I've never been a proponent of the "Obama will put the south in play" meme, but I think it's worth noting that there is a New South / Old South divide with Obama. He should help in Virginia and maybe NC and GA (the GA polls here strikes me as off - Obama won 43% of the white vote in the GA primary which is more like VA than AL). But he would get beaten very badly in MS, AL, LA, I think. I don't see Florida as being a good state for him (white southerns + old folks). Clinton does way better in the heavily Scotch-Irish upper south areas. Bill was the last popular Dem in those parts, I guess. If Clinton is the nominee, then the Democrats probably try to play in Arkansas and WV rather than Virginia

The case for Obama in the South is not that he would win in any of the states except those mentioned above but that he would increase African-American turnout which would help downticket. The west is where he makes things really interesting. I also wouldn't mind not having to be playing defense frantically in WI the week before the election like we did in 2000 and 2004 and winning Iowa would also help a lot.

"plus the luxury of not needing to win every single one of his states to take the White House."

Isn't this the big thing? Obama has a ton of ways to get there that Hillary doesn't (CO, VA, IN, NV, NM). Hillary has FL (not going to happen) and OH (just as likely with Obama, and pray she doesn't lose an appreciable Dem swing state like MI, PA, WI or MN).

He's clearly the most electable at this point.

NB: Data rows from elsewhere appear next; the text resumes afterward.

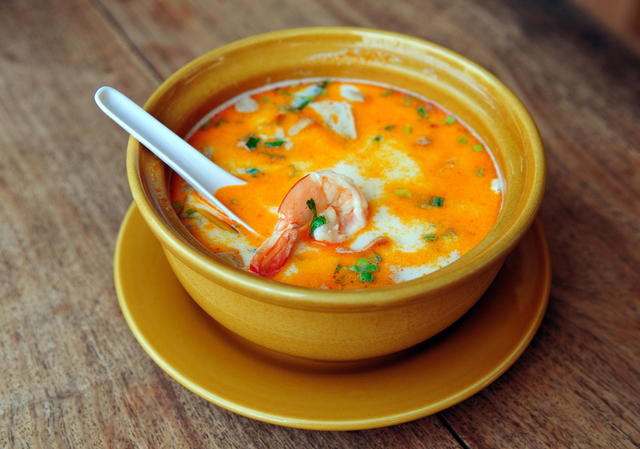 Asian noodle soup with prawns 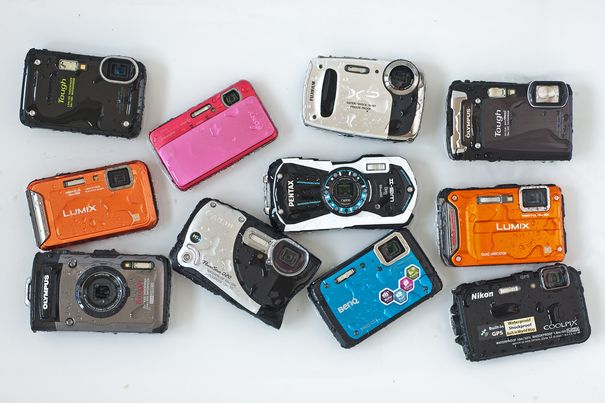 Gruppenbild in der Badewanne: Alle getesteten Allwetterkameras nebeneinander im Grössenvergleich (spaltenweise vlnr): Olympus TG-620, Panasonic FT20, Olympus TG-1, Sony HX20, Canon D20, Fuji XP50, Pentax, BenQ, Olympus TG-820, Panasonic FT4, Nikon AW100.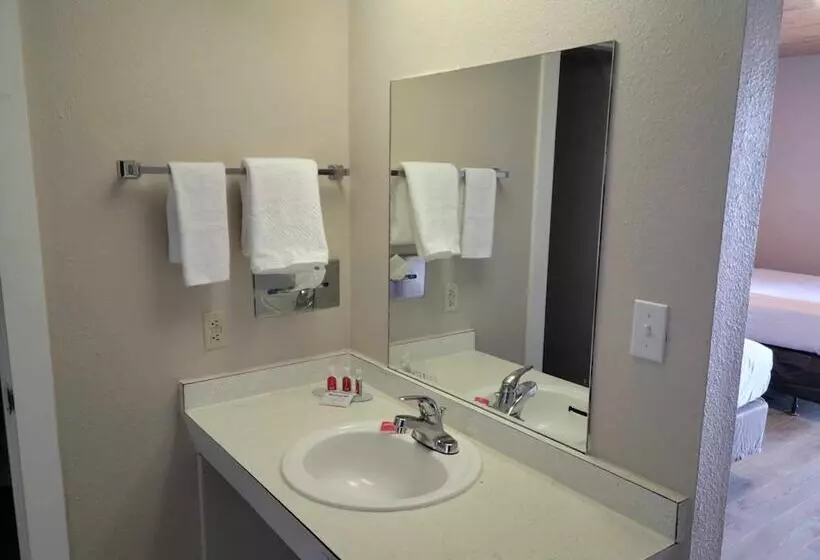 ホテル Econo Lodge
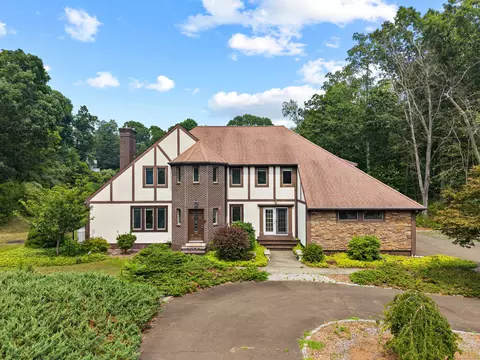 22 Hickory Hill Ln, Branford, CT 06405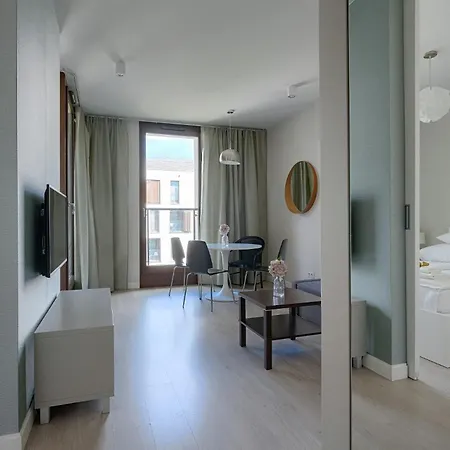 Kolejowa Ξενοδοχείο με διαμερίσματα 4*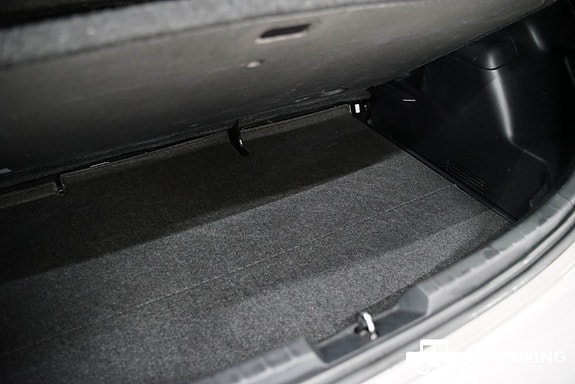 Toyota Yaris 22 of 30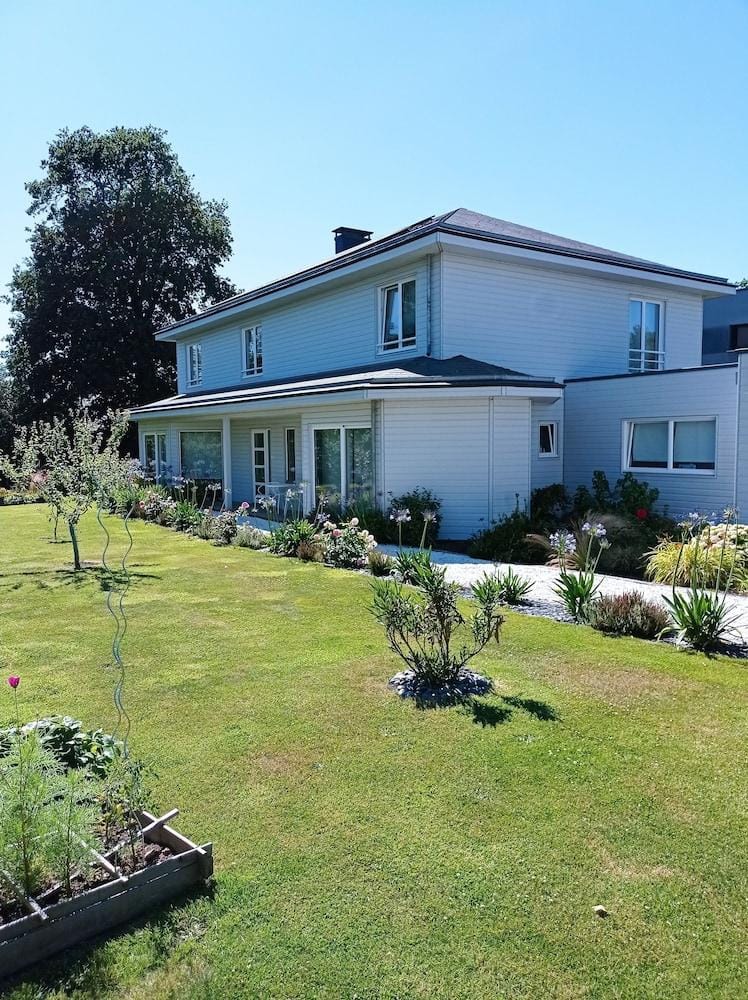 Le Clos Louisiane Hotel in Bayeux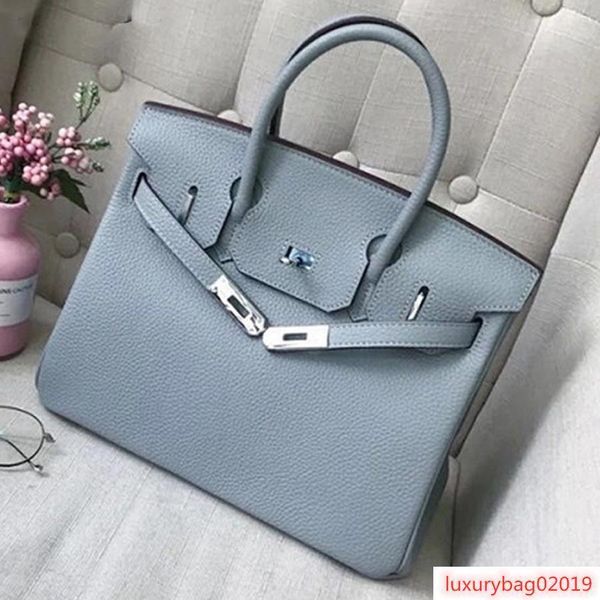 women padlock handbag classic platinum bag gold lock hardware birkins tote female cowhide genuine leather handle bags ing
women padlock handbag classic platinum bag gold lock hardware birkins tote female cowhide genuine leather handle bags ing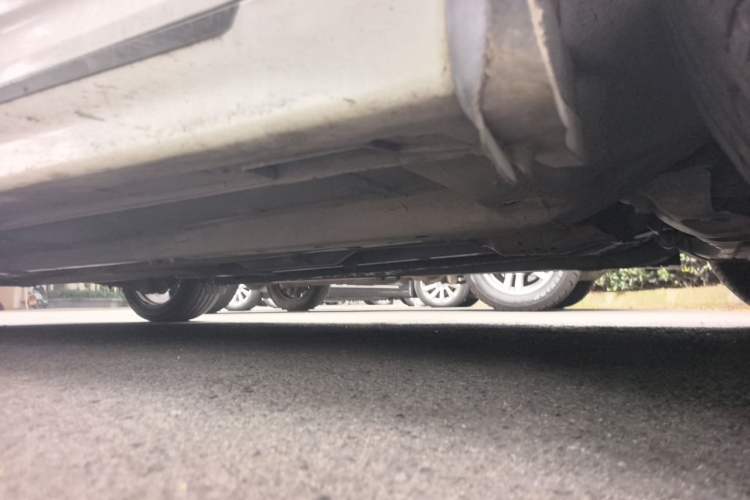 Used Kia K5 2014 2.0L Automatic LUXURY Chassis Front Right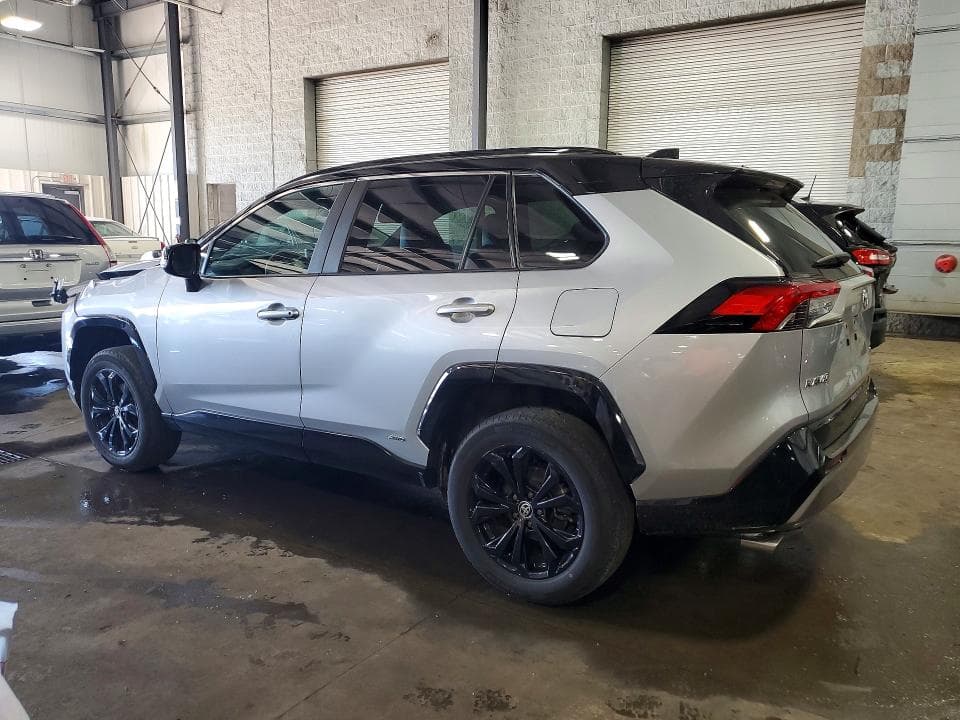 2022 TOYOTA RAV4 XSE 2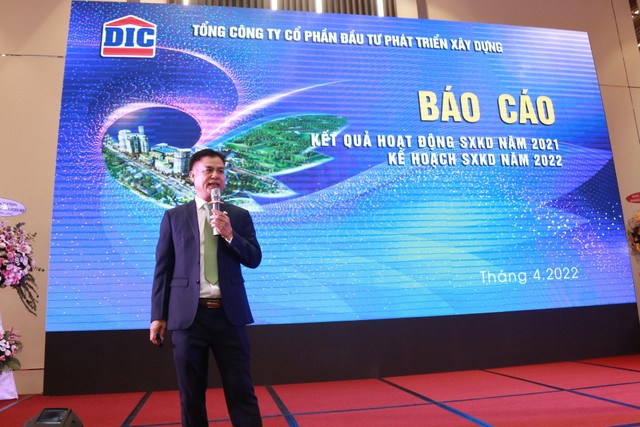 Ông Hoàng Văn Tăng, Tổng giám đốc Tập đoàn DIC báo cáo kết quả sản xuất kinh doanh năm 2021 và kế hoạch sản xuất kinh doanh năm 2022.
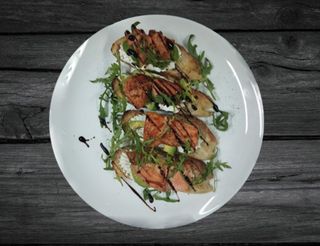 Брускети зі смаженим лососем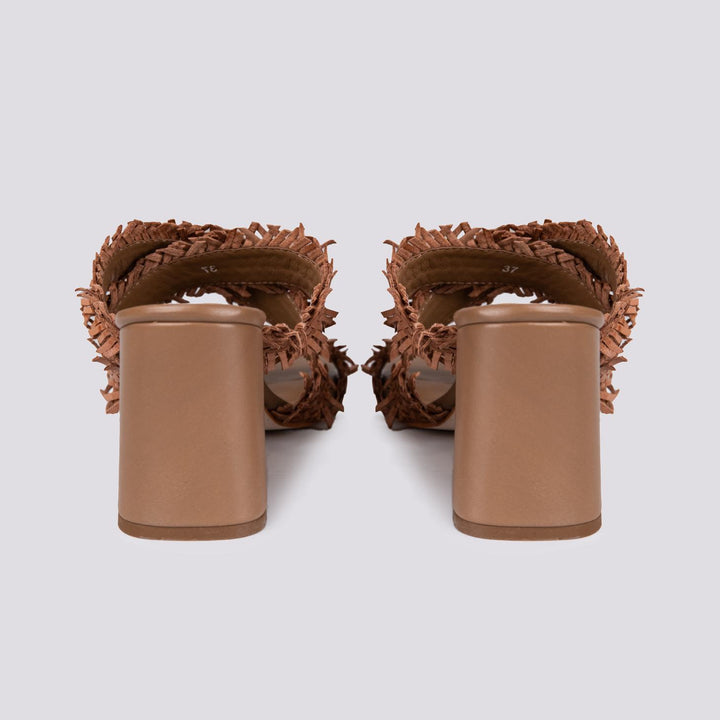 Sabot in pelle intrecciata cuoio con tacco spesso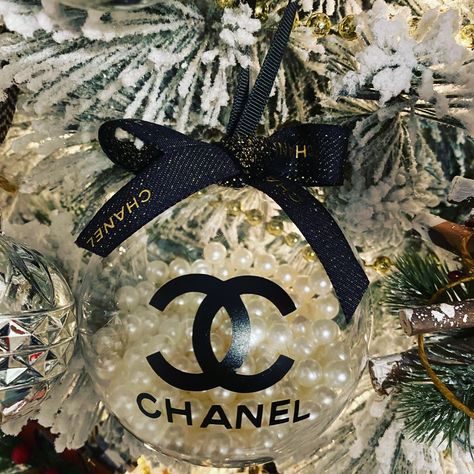 DIY christmas chanel ornaments Diy Designer Christmas Ornaments, Chanel Ornaments Diy, Chanel Inspired Christmas Tree, Chanel Christmas Ornaments, Designer Christmas Ornaments, Diy Glam Christmas Ornaments, Gucci Ornaments, Louis Vuitton Christmas Tree, Chanel Ornaments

In order to put the Deep South into play, he would need to get about 30% of the white vote. Now, that's doable ... in South Carolina, where he's campaigned, he's getting 28%. In Georgia 25% (but African-Americans are too small a portion of the sample). But it's a tough road to hoe. There are more promising openings out west.

But man, it'd be really nice if it happened. If the Praries and Texas are truly in play, 400 EVs may be an outside possibility if McCain craters.

Georgia's gone as far as the presidential vote is concerned. Stick a fork in it. Obama might be good down-ticket to put the wind up Saxby Shameless, but the days of GA having conservative Dems and relatively moderate GOPpers in statewide office are over.

NC is a different matter. With Liddy Dole vulnerable, and the demographics of the Triangle changing, there's space to campaign if Obama comes through.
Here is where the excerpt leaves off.